| Records for this task |
※
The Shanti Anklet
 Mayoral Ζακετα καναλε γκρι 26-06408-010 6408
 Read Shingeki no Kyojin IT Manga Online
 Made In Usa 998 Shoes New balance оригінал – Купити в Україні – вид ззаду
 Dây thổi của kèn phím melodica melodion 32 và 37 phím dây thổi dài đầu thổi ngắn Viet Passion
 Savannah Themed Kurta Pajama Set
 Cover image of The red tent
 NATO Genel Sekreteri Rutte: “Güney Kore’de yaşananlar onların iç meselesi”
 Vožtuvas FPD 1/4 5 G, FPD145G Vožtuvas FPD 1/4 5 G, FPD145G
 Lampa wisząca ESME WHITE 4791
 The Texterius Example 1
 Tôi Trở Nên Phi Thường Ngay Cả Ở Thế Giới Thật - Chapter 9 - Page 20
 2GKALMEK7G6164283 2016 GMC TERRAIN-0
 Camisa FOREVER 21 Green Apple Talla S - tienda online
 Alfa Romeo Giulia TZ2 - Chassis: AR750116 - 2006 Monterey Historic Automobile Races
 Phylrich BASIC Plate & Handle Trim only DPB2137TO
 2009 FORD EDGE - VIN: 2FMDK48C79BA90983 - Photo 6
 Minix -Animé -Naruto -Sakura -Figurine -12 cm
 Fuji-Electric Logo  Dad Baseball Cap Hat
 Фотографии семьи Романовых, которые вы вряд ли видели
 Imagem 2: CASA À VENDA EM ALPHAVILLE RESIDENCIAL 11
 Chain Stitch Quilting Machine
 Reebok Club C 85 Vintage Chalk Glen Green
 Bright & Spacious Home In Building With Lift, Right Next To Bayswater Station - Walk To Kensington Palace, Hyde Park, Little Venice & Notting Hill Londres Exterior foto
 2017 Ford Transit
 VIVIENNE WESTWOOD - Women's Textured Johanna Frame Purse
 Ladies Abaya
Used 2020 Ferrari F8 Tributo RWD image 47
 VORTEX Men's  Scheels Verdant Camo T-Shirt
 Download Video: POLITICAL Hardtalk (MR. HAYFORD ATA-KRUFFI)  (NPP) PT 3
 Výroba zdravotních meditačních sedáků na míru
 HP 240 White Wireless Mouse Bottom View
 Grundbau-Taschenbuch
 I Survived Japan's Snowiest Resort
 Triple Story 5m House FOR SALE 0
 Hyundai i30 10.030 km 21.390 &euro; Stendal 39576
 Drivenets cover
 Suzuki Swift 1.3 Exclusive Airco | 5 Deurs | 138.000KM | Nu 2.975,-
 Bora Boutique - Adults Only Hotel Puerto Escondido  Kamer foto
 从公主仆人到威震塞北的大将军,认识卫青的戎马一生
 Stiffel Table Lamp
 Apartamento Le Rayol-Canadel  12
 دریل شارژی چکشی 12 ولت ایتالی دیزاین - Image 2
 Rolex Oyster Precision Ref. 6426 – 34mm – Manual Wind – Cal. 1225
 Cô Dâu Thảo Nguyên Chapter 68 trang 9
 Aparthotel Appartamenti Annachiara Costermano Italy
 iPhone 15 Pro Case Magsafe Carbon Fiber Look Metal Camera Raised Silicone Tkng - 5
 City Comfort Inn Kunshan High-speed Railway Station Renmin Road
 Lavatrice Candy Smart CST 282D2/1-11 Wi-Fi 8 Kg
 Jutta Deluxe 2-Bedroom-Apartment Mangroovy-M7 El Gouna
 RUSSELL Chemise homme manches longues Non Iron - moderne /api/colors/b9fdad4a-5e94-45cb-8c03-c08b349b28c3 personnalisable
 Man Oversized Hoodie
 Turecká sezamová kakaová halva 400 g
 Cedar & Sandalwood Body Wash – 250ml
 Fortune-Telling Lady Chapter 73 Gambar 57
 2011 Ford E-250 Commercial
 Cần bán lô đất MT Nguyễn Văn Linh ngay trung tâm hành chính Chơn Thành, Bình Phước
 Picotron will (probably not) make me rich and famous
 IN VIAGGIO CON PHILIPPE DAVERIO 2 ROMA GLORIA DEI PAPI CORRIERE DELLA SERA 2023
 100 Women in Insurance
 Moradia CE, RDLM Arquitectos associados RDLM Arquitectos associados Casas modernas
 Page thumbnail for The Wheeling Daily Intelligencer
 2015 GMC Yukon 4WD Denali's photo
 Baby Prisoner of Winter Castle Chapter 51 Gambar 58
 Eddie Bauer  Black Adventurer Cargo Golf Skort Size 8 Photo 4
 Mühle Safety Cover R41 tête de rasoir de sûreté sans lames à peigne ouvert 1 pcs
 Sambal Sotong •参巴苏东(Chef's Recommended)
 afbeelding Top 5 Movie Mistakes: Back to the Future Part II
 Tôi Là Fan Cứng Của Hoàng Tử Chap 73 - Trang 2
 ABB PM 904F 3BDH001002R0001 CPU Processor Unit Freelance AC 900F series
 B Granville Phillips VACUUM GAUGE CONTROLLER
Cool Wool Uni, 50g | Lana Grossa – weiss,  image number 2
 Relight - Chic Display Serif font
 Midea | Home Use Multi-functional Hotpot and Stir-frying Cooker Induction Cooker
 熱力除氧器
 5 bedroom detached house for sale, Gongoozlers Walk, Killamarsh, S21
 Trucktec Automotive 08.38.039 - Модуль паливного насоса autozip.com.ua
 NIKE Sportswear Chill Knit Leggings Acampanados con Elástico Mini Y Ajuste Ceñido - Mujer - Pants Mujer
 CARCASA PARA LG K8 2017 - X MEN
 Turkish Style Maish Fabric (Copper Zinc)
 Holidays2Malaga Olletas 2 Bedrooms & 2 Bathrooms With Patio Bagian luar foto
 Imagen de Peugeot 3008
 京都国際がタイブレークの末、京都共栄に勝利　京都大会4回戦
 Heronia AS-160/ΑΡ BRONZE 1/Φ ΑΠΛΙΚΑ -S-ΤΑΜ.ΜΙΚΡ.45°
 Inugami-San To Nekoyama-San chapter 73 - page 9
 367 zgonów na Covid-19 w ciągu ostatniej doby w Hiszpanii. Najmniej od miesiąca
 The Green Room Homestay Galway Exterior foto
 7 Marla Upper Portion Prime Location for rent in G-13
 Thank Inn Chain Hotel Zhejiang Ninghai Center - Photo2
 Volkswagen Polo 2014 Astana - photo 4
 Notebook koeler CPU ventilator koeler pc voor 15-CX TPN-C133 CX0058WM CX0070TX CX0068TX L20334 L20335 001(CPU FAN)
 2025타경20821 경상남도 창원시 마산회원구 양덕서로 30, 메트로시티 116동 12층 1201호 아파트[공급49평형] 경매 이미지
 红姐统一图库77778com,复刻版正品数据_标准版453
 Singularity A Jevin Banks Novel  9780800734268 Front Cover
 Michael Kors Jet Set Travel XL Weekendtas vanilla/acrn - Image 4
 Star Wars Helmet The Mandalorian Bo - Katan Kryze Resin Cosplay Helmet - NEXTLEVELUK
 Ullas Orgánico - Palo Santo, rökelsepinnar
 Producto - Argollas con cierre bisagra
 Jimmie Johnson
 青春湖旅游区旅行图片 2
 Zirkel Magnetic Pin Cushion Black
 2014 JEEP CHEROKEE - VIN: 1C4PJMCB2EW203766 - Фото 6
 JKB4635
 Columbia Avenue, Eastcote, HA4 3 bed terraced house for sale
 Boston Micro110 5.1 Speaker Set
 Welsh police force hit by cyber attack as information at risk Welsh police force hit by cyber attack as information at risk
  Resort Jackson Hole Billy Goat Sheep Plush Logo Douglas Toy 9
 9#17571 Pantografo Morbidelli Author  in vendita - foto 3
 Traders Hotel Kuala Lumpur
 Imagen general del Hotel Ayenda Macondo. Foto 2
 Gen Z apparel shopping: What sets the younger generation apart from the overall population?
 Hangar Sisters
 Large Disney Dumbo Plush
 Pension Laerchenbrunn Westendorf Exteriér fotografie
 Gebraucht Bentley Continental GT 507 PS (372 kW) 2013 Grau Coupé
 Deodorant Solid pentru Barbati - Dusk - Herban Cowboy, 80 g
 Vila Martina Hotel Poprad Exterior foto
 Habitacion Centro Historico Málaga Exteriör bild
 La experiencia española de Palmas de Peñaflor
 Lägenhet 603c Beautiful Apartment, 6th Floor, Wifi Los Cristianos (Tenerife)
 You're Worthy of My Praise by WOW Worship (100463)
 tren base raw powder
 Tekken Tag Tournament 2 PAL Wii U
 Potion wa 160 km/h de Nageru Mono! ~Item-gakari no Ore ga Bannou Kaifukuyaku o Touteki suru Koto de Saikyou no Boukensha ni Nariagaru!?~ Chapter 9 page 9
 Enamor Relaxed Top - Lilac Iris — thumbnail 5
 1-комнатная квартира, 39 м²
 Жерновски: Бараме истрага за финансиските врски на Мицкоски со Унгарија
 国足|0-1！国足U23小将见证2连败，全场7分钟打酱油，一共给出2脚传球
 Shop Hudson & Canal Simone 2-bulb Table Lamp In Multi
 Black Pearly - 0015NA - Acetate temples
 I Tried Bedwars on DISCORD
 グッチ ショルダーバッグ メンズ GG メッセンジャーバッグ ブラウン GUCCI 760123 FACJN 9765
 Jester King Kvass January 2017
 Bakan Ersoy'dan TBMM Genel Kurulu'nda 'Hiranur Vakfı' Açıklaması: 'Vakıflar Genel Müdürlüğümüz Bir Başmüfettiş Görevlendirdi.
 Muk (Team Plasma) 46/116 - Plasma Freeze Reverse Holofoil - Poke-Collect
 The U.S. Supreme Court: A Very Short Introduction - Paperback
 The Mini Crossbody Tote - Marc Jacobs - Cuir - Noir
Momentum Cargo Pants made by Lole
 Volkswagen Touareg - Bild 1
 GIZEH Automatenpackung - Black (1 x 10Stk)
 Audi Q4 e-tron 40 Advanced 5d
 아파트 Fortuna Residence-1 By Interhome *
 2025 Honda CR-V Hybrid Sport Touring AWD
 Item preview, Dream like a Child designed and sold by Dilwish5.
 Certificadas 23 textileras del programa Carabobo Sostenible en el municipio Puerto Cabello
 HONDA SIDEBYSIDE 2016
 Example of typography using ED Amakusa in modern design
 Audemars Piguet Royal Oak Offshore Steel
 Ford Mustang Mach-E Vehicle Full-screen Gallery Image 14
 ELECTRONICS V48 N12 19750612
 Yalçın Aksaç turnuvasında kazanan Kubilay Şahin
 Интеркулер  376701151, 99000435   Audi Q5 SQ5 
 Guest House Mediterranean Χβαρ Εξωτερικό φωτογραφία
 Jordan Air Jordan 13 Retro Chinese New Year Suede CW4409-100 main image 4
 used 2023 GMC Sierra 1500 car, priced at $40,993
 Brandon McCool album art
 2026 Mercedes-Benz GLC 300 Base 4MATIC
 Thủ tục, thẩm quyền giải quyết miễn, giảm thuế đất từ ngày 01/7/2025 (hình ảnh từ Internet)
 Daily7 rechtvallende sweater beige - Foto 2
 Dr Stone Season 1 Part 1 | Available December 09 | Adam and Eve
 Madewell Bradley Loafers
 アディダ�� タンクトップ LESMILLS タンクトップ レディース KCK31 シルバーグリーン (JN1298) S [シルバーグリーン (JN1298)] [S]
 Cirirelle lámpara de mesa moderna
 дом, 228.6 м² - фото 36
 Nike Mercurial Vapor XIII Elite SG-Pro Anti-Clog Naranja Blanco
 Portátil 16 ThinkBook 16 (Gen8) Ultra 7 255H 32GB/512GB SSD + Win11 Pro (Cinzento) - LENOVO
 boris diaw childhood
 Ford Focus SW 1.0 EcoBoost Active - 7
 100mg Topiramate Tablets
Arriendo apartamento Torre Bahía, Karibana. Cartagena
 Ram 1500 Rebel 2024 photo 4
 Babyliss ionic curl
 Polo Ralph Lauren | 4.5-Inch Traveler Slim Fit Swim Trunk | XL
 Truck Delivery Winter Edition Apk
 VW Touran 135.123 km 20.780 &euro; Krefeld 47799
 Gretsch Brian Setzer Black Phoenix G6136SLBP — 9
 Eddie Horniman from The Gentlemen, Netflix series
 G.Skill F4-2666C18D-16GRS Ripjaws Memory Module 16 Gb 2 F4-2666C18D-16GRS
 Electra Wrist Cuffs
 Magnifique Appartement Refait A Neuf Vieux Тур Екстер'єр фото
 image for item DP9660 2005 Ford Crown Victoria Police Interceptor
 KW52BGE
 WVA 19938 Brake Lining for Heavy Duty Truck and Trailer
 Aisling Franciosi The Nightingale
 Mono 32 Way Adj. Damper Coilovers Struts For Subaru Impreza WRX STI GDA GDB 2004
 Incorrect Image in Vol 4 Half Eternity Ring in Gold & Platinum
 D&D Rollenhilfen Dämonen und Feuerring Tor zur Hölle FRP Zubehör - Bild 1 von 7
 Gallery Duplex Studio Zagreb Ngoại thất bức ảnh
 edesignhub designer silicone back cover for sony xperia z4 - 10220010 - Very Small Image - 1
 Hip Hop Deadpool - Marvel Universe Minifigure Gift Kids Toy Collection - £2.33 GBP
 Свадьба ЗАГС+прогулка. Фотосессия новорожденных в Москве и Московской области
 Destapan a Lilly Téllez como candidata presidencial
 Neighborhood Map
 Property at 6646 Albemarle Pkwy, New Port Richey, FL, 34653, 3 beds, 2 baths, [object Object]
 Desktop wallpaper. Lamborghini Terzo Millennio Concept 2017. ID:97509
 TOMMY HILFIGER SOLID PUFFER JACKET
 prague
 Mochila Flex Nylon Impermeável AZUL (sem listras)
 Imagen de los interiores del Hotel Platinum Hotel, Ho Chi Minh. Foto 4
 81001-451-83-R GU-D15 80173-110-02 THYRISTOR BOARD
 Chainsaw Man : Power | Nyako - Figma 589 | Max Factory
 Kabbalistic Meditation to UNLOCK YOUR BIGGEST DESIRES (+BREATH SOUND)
※
| Task directions |
When you reach the line with "Sambal Sotong •参巴苏东(Chef's Recommended)" in the records above, start writing out lines exactly, and stop once the line with "5 bedroom detached" has been written; include nothing else.

| Written solution |
 Sambal Sotong •参巴苏东(Chef's Recommended)
 afbeelding Top 5 Movie Mistakes: Back to the Future Part II
 Tôi Là Fan Cứng Của Hoàng Tử Chap 73 - Trang 2
 ABB PM 904F 3BDH001002R0001 CPU Processor Unit Freelance AC 900F series
 B Granville Phillips VACUUM GAUGE CONTROLLER
Cool Wool Uni, 50g | Lana Grossa – weiss,  image number 2
 Relight - Chic Display Serif font
 Midea | Home Use Multi-functional Hotpot and Stir-frying Cooker Induction Cooker
 熱力除氧器
 5 bedroom detached house for sale, Gongoozlers Walk, Killamarsh, S21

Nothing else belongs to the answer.